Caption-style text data
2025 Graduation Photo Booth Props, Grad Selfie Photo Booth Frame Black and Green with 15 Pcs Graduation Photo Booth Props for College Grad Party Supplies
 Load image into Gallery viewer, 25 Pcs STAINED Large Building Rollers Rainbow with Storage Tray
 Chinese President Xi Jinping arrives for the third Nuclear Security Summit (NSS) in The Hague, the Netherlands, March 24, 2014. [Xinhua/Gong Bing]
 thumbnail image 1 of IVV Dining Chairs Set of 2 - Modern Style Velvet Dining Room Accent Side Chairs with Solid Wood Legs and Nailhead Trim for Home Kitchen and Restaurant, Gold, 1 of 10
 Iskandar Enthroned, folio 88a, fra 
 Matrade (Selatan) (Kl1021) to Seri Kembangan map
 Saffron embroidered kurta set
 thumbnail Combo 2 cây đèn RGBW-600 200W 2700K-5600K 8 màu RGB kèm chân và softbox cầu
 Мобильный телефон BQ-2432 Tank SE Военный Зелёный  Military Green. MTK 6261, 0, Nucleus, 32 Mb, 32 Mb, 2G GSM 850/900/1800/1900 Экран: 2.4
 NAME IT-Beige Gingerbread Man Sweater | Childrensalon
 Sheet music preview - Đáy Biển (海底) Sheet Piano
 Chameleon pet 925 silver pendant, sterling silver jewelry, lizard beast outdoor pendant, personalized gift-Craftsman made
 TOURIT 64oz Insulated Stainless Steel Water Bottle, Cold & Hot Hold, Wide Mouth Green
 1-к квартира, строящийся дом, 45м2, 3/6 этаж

## WHAT THIS TASK INVOLVES
Check each line above for the word "Green", and copy the lines where it appears.

## RESULT FOR THIS EXERCISE
2025 Graduation Photo Booth Props, Grad Selfie Photo Booth Frame Black and Green with 15 Pcs Graduation Photo Booth Props for College Grad Party Supplies
 Мобильный телефон BQ-2432 Tank SE Военный Зелёный  Military Green. MTK 6261, 0, Nucleus, 32 Mb, 32 Mb, 2G GSM 850/900/1800/1900 Экран: 2.4
 TOURIT 64oz Insulated Stainless Steel Water Bottle, Cold & Hot Hold, Wide Mouth Green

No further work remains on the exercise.